Island Pharmaceuticals (ASX:ILA) has secured all regulatory and ethics approvals to allow the compassionate use of galidesivir for patients infected during the escalating Bundibugyo Ebola outbreak in Uganda under a Monitored Emergency Use of Unregistered and Investigational Interventions protocol.
The approvals, granted after review by Uganda’s Research Ethics Committee, National Drug Authority and National Council for Science and Technology, will let clinicians prospectively collect clinical, safety and virological data in line with the World Health Organization’s recognized MEURI framework.
As of 6 July 2026, the outbreak had reached 1,481 confirmed cases and 454 deaths and was spreading to new provinces, with more than 70 new cases reported daily. Emergency public health measures have been implemented in Kinshasa, a city of over 15 million people, and Uganda has also confirmed at least one Marburg virus fatality, creating a rare dual pathogen scenario. With no approved therapeutics or vaccines for Bundibugyo Ebola or Marburg virus, the MEURI program provides an urgently needed pathway for access to investigational therapies while generating real-world evidence.
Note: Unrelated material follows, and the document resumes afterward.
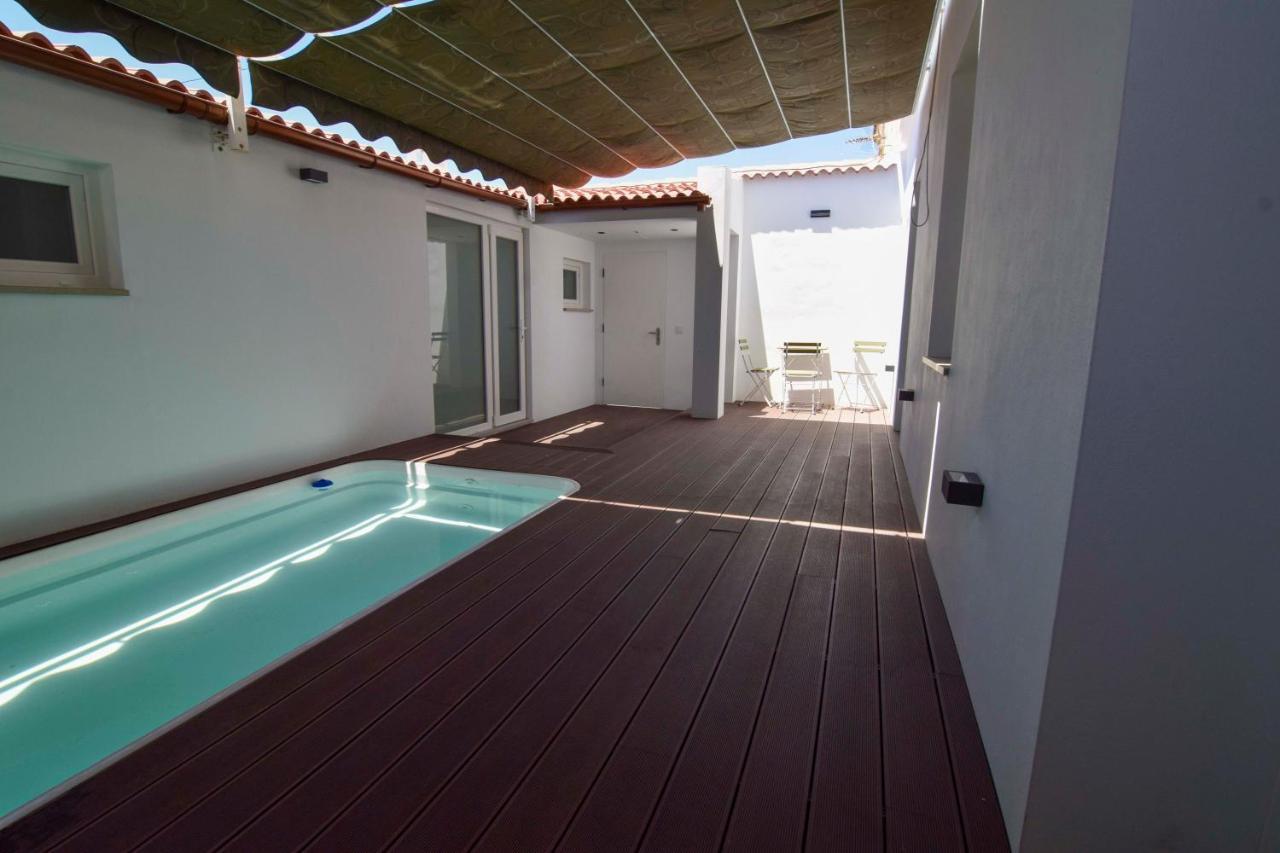 Letmalaga Princesa Huelin Екстер'єр фото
The MEURI framework requires prospective data collection under an approved protocol and was developed after the 2014 West African Ebola outbreak to provide structured access to promising investigational treatments during public health emergencies when conventional randomised trials are not feasible.
Under the approved program, eligible patients will receive GMP-grade galidesivir at participating treatment sites, and Island will supply the drug while the program is sponsored and fully funded by the Government of Uganda and supporting institutions, making the effort non-dilutive for Island shareholders.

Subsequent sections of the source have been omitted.